L'ornithorynque et les investisseurs

** Vous pensez peut être que l’animal qui représente le mieux l’Australie est le kangourou, ou le koala. C’est une erreur que font beaucoup de gens. Et vous pouvez aussi barrer de la liste le diable de Tasmanie, le grand requin blanc, le crocodile, et l’infâme dingo.

– L’animal qui représente le plus parfaitement l’Australie — du moins d’un point de vue économique — est l’ornithorynque. Animal ovipare, avec un bec de canard, une queue de castor et des ergots venimeux, l’ornithorynque est un monstre de l’évolution. Il est mi-mammifère, mi-reptile et entièrement bizarre. Vous ne pourriez pas trouver meilleur animal pour illustrer la position étrange, mais privilégiée, qu’occupe l’Australie dans l’économie mondiale.

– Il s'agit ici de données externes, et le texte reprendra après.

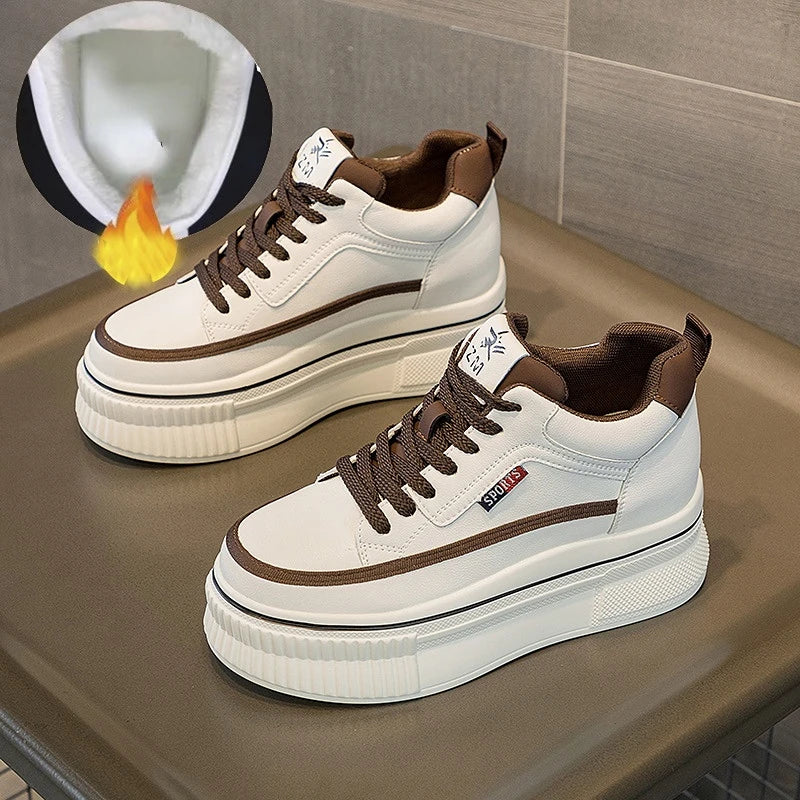 Baskets compensées en cuir véritable pour femmes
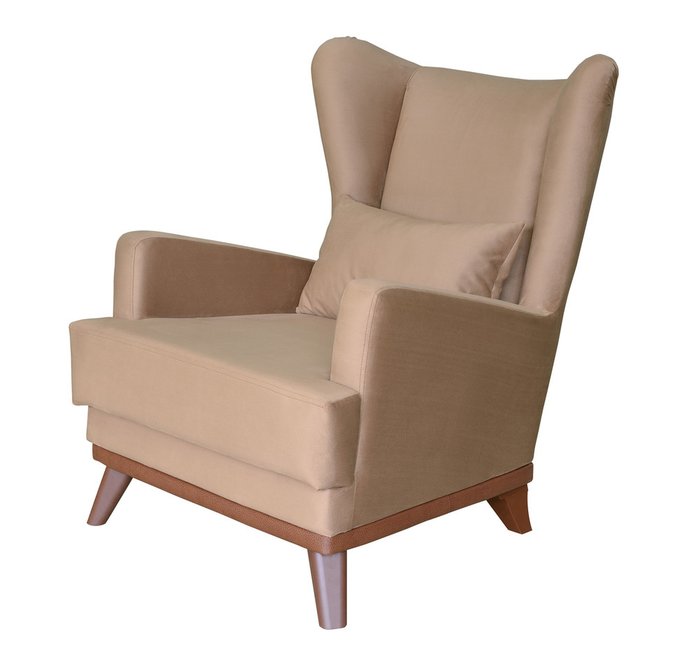 Кресло Оскар в обивке из велюра коричневого цвета - лучшие Интерьерные кресла в INMYROOM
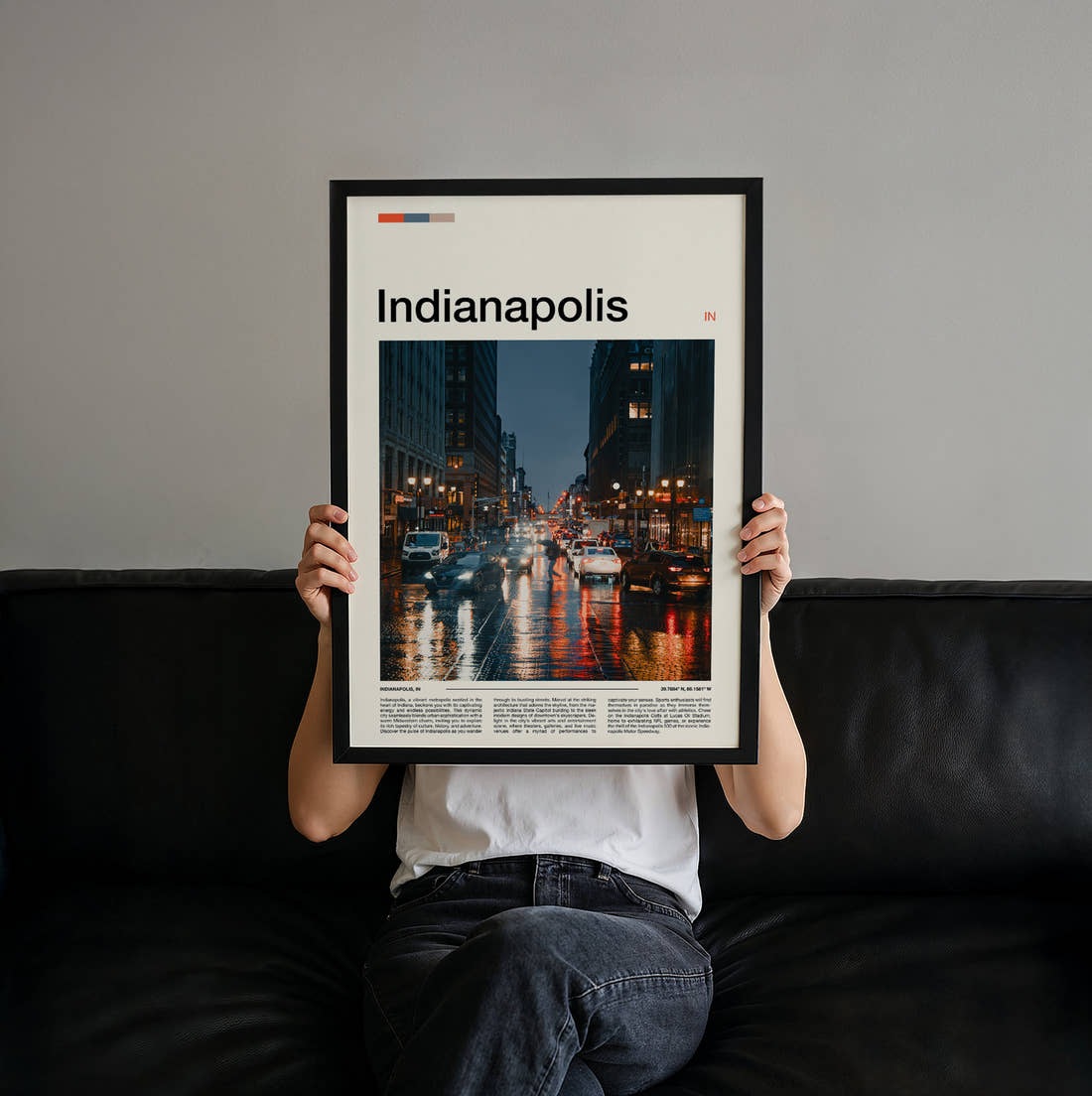 Indianapolis Rainy Street At Dusk Travel Print held up by hand to show the size of the print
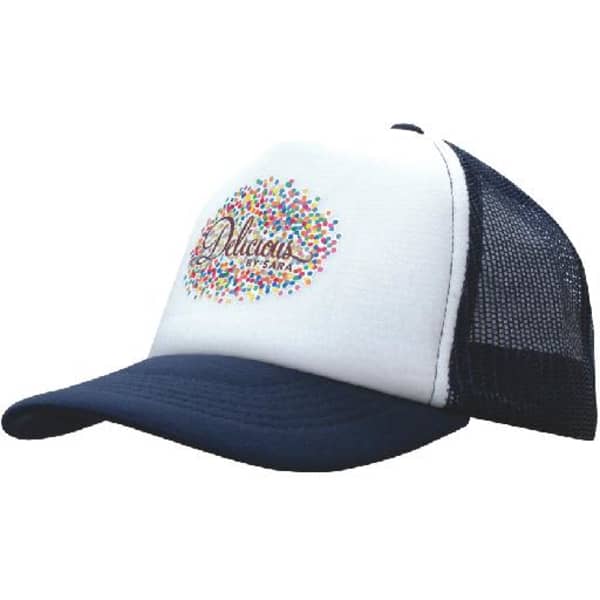 A trucker mesh cap in white and navy with a colourful logo on the front.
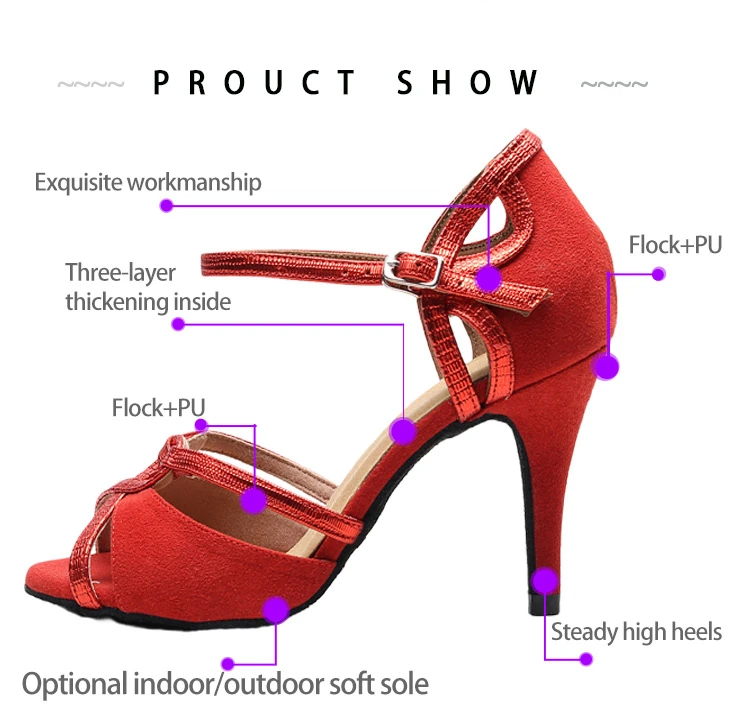 2020 New Salsa Jazz Tango Outdoor Rubber Sole Professional Latin Dance Shoes for Women Dancing Newmen Stylish High Heel Flock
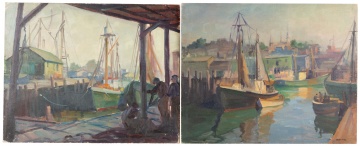(2) Clifford Ulp (American, 1885-1957) Harbor Scenes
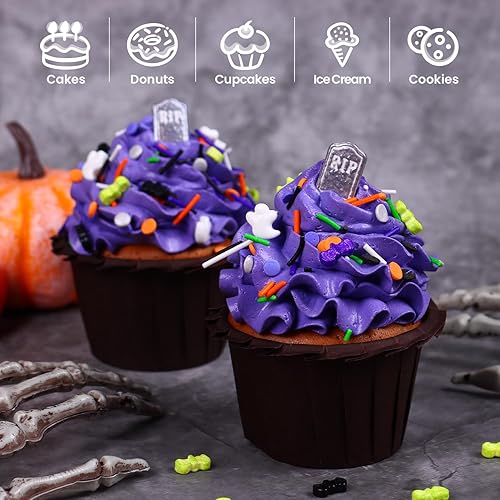 Miniatura 3 de Gránulos de Halloween para decoración de pasteles de 4.2 onzas, gránulos de Halloween para decoración de cupcakes, helado, dulces, galletas,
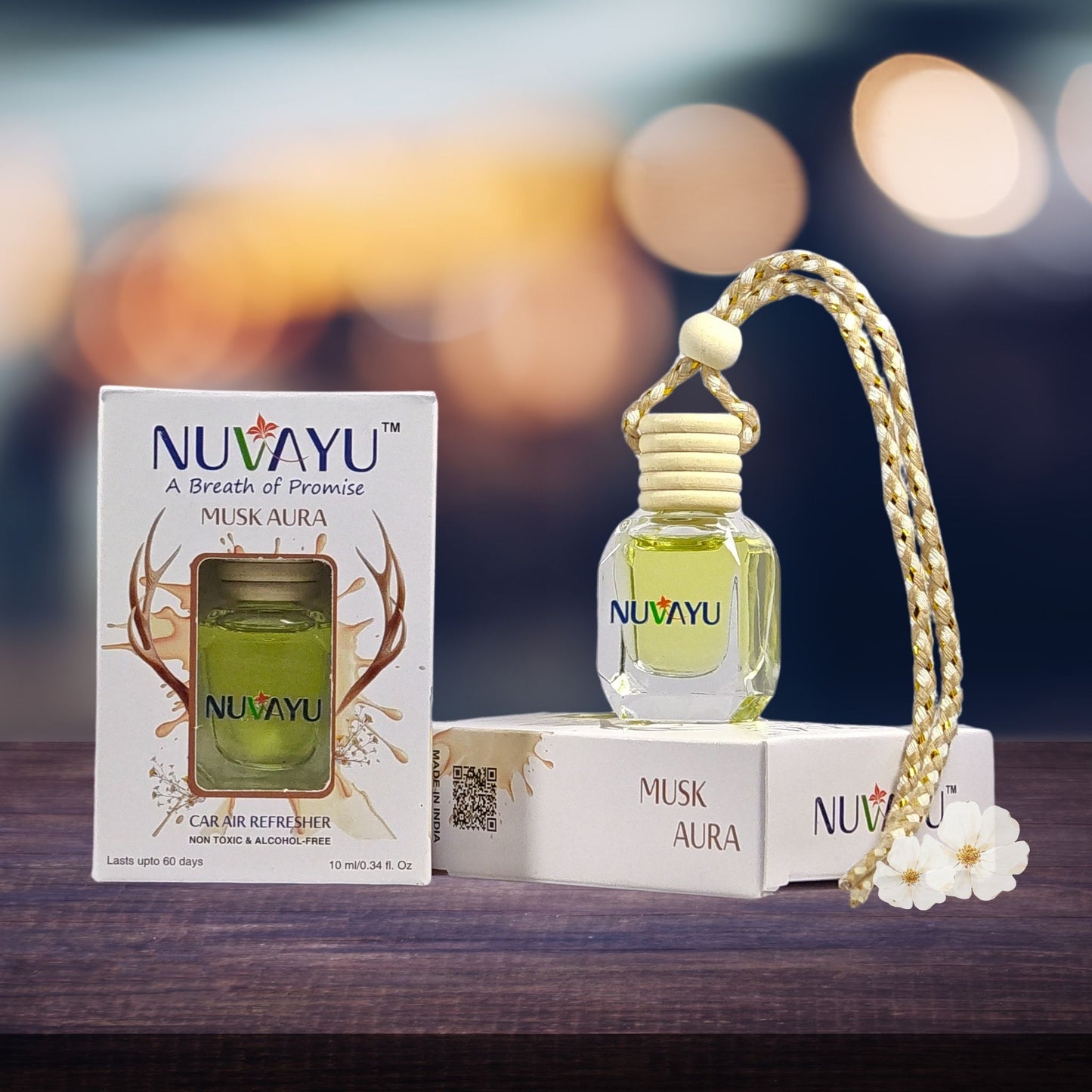 NUVAYU Musk Aura Car Air Freshener, 10ml | Premium Hanging Diffuser| Long-Lasting, Fresh & Soothing Musk Scent | All-Weather Freshness | No Headache Formula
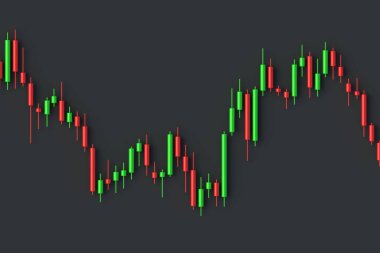 Borsa grafiği. Mumlu çizelge. Çevrimiçi ticaret. Japon sopaları. Finansal analiz. Fiyat düşüyor. Eğilim yönü. Yatırım konsepti. Üst Manzara. 3d hazırlayıcı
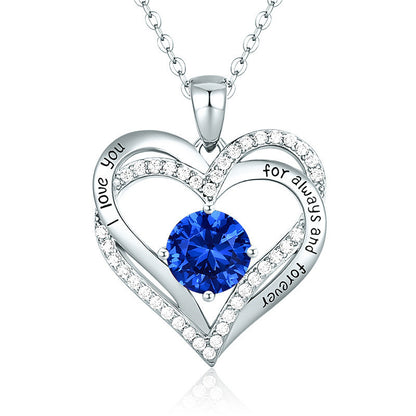 Female 925 Silver Twelve Birthstone Pendant Necklace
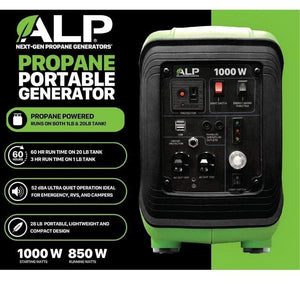 ALP Generators Propane Generator ALP 1000 Watt Portable Propane Generator EPA and CARB Compliant w/ Parallel Capability Green/Gray ALPG-GG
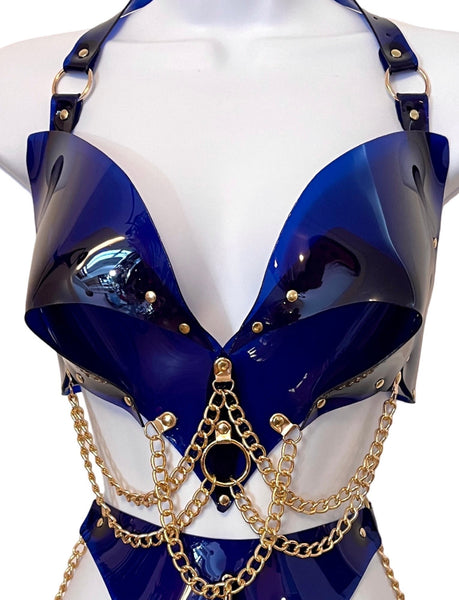 HEART IN CHAINS Bra only - Navy and Gold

– Comme les Etats-Unis, l’Australie a une bulle de l’immobilier en cours d’effondrement. Et comme aux Etats-Unis, les consommateurs australiens se sont jetés, armés de leurs cartes de crédit, sur le textile et l’électronique à bas prix venus d’Asie. Mais contrairement aux Etats-Unis, l’outback australien, riche en matières premières, joue un rôle primordial dans la plus grande révolution industrielle jamais vue : celle de la Chine.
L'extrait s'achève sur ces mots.